Jane Roberts, ed., Royal Treasures, A Golden Jubilee celebration, The Royal Collection, 2002, pp. 172-174, no. 97.
Renate Eikelmann, Prunkmöbel am Münchner Barocker Dekor unter der Lupe, Exhibition Catalogue Bayerischers Nationalmuseum, Munich, 8th April-31st July 2011, pp. 84-85, Kat. Nrs. 18, 20.
Ria Fabri, Meubles d’apparat des Pays-Bas méridionaux XVIe-XVIIIe siècle, Exhibition catalogue, 19th January -21st March 1989, Brussels, pp. 18.
Brigitte Kanger et. al., Die Möbel der Residenz München, Die deutschen Möbel des 16.bis 18. Jahrhunderts, Munich,1996, Vol. II, pp. 95-100, no. 11.
This unusually large casket inlaid with mother-of pearl, brass and pewter première-partie boulle marquetry on a tortoiseshell ground is further enhanced by being mounted with oval and pear shaped agates with a large rectangular agate in the centre of the top. This casket with its beautiful original cerise silk and gold thread quilt lined interior decorated with the Coronet of a French Count must have been a costly commission as it incorporates the most exotic and expensive materials.
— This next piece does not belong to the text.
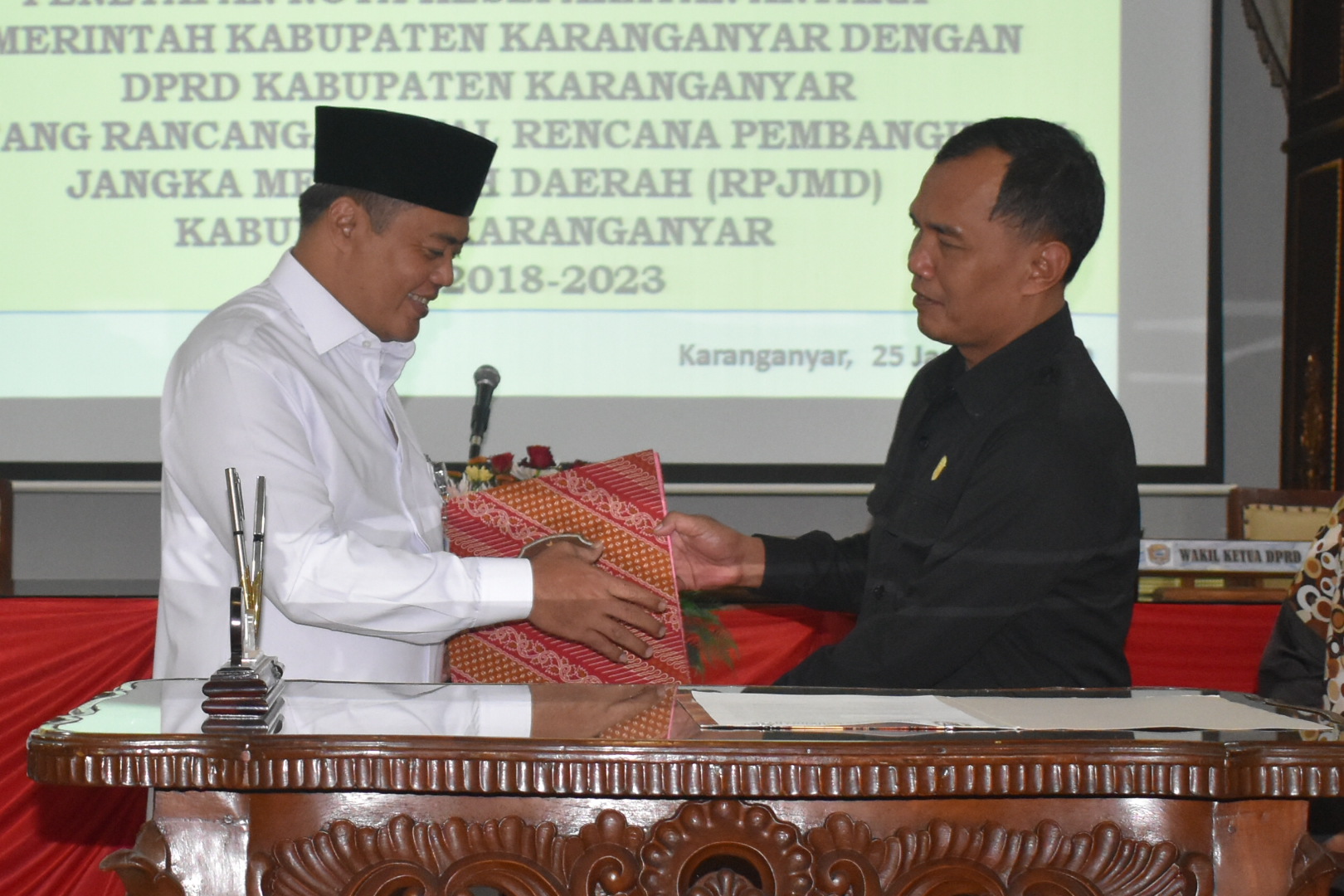 Rapat Paripurna DPRD Masa Sidang II Penetapan Nota Kesepakatan Antara Pemerintah Kabupaten Karanganyar Dengan DPRD Kabupaten Karanganyar Tentang Rancangan Awal RPJMD Tahun 2018-2023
This type of boulle marquetry on the exterior of the casket was traditionally seen as originating from France, however, the technique was used in other centres in the Low Countries and the German States. The boulle metal marquetry technique is mostly associated with the celebrated Parisian cabinet-maker André-Charles Boulle (1642-1732), although this method of decorating furniture and works of art was not invented by him, he was one of the most famous exponents in his day which led to his name being synonymous with this type of marquetry. However, both the style of the marquetry and the use of mother of pearl and agates would seem to indicate an Antwerp origin and due to the virtuosity of the marquetry technique was probably made in the workshop of Henry van Soest (1659-1726).
The most closely related example to this casket in terms of design and materials employed is an Antwerp boulle marquetry writing cabinet in the Royal Collection of Her Majesty Queen Elizabeth II, in brass, copper, pewter and tortoiseshell mounted with agate and jasper oval, pear and rectangular shaped reserves, which is dated to around 1700 and attributed to Henry van Soest (1659-1726), the Flemish cabinet-maker, and is illustrated by Roberts, op. cit., p. 172, no. 97. It was originally acquired by George IV in 1828 from E. H. Baldock, the well known dealer and restorer, in May 1828. It had previously belonged to the Earl of Onslow at Clandon Park, and for many years it had been in the State bedroom there. When George IV acquired it, it was considered `parade’ furniture’ of the kind made fashionable by Louis XIV and Roberts states op. cit., `The grandeur and style of the decoration (then considered to be French) no doubt appealed to the King and he originally intended it for Windsor Castle’. The pediment has an oval agate and the drawer below an oval and a rectangular agate mount within a scrollwork boss conceived in a similar vein to those upon the offered casket. Although the boulle marquetry on the drawers of the Royal cabinet appear to be of stiffer design than on the casket, the scrolls and acanthus on the central door and backboard are similar in style. On the reverse of the casket, the style of the marquetry with scrolling acanthus centred by a quatrefoil composed of acanthus leaves can be seen throughout the cabinet. In addition, the design on the central door of the cabinet, mirrors in some respects the design on the top of this casket.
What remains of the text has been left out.